Is Jensen just a meanie? No. He understands that adversity, challenge, frustration, struggles, hardships, and failures are simply part of life, but also are often the very best of teachers. More so, they are the catalyst for improvement and change.
I think this is an important lesson to take to heart in the business world. In my experience, the higher level your role, the more you have to influence and align with others. As your role expands, there are by nature more groups you must align with to be successful. This means things often won’t go your way.
How will you respond? Do you choose to live in frustration or resign yourself to giving a lesser effort? Or do you choose to treat each work frustration or failure to influence as a chance to self-assess, refocus on what is most important, and get better?
Do you choose to give up, or are you resilient?
Here’s 3 tips from systems that may help you choose resilience.
Invest in resilience: In software and infrastructure, resilience isn’t the default—it requires deliberate investment in redundancy, failover mechanisms, and recovery processes. The same is true for personal resilience. You have to invest in habits, relationships, and mental frameworks that help you recover from setbacks. One example would be Failure Testing. Just as engineers run chaos experiments to test system stability under stress, you can proactively put yourself in controlled challenges—hard workouts, “scary” activities, new challenges, learning new skills—to build resilience. Personally, I try and have a challenge every 2 months that gets me out of my comfort zone, pushes me in a new area, or forces a beginner’s mindset. Just for fun:
January / February - Try Brazilian Jiu Jitsu (first drop in today, actually)

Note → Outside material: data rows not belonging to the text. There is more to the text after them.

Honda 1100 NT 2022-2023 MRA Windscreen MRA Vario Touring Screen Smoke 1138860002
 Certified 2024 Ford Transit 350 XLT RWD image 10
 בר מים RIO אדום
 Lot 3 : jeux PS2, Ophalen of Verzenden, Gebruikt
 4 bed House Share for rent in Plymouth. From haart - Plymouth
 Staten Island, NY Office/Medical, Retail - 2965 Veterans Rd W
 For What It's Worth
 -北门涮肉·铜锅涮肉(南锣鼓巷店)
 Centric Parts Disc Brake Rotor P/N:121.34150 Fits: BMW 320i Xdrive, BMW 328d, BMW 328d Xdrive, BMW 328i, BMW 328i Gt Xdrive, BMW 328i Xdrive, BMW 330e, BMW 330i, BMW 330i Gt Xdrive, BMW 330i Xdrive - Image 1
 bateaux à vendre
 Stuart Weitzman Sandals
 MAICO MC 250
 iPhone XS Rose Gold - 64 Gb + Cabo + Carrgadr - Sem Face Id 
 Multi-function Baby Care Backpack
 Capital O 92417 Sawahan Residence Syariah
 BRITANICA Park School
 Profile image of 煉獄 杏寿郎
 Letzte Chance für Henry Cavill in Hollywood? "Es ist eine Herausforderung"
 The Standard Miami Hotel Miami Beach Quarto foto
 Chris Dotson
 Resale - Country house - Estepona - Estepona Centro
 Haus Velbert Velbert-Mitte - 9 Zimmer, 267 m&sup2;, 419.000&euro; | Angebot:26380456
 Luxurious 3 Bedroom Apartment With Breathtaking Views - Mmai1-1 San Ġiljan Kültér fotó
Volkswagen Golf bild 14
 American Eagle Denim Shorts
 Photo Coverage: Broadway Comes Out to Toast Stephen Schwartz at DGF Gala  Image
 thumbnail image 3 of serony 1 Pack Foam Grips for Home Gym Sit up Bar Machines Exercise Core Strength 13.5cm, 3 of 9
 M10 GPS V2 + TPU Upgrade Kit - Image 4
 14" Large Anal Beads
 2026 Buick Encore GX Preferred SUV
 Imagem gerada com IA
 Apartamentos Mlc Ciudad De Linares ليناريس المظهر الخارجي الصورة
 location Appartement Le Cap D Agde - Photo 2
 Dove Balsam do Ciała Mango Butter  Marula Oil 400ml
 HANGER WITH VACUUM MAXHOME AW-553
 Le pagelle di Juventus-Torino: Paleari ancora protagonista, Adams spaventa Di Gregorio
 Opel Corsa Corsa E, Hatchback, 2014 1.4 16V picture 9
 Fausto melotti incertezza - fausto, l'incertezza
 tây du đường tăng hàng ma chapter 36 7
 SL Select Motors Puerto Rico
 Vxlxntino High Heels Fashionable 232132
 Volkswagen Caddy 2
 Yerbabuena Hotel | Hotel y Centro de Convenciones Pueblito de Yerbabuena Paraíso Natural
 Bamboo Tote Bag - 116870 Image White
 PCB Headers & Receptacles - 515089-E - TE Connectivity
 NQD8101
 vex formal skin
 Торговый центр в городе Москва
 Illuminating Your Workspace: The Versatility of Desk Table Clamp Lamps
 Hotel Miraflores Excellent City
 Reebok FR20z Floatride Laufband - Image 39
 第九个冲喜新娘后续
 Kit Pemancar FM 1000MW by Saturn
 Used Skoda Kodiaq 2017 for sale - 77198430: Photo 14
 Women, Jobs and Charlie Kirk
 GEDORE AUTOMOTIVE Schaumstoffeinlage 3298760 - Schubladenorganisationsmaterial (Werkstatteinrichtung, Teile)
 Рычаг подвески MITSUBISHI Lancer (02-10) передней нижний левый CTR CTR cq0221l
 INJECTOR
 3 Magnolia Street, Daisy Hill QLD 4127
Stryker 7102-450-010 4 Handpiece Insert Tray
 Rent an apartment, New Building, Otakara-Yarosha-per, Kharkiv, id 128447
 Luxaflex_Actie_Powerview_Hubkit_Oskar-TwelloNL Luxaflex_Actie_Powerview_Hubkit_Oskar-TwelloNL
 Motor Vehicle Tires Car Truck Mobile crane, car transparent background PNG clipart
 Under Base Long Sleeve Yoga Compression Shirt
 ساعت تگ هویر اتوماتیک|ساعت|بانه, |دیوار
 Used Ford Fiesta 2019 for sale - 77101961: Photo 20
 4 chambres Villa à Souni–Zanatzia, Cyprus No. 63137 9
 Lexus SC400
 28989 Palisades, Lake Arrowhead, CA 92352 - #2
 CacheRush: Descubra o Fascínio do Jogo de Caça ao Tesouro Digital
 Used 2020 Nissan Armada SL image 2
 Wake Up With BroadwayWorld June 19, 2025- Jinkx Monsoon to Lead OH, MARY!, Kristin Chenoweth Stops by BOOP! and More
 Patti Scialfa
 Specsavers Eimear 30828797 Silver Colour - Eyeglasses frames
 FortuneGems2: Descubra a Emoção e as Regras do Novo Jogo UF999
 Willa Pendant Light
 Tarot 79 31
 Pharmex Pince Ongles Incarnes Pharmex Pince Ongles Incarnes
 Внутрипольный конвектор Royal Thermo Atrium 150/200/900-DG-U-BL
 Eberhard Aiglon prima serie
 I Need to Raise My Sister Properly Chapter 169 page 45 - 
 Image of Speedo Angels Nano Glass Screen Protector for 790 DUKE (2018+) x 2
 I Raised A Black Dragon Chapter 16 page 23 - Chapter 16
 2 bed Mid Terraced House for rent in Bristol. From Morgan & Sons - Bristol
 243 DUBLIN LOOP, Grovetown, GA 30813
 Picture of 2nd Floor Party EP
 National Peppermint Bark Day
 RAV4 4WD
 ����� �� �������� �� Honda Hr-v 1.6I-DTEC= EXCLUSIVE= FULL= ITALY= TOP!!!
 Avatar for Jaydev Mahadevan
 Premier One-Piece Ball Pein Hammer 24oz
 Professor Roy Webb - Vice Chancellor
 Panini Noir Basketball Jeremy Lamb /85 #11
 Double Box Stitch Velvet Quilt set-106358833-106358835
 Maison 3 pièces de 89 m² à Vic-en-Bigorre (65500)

March / April - Run a sub-6 minute mile. I want to see 5:XX on the clock. I am not sure if I’ve ever done that.
May / June - Hyrox, Tactical Games
July / August - 50k run / hike on the Appalachian Trail in GA (6500k vertical up/down)
September / October - Climb Grand Teton from car-to-car in a day (7k vertical up/down), possible solo backcountry elk hunt
November / December - TBD
Observability: In systems, we have lots of tools that create data that we can use to understand what is taking place in near-real-time so that we can quickly react to issues. Do you have any data about you? What does nominal and optimal performance look like at work, in your health and fitness, and in your relationships? Do you have a vision for what you want life to look like? Goals? Do you have any time to reflect on those and measure if things are on par or not? Personally, I like to have goals for each month and have a weekly and monthly review process I go through. My wife and I also write down answers to ~10 questions each month about how things are going between us to ensure we’re communicating about what’s important. This creates data and a chance to reflect.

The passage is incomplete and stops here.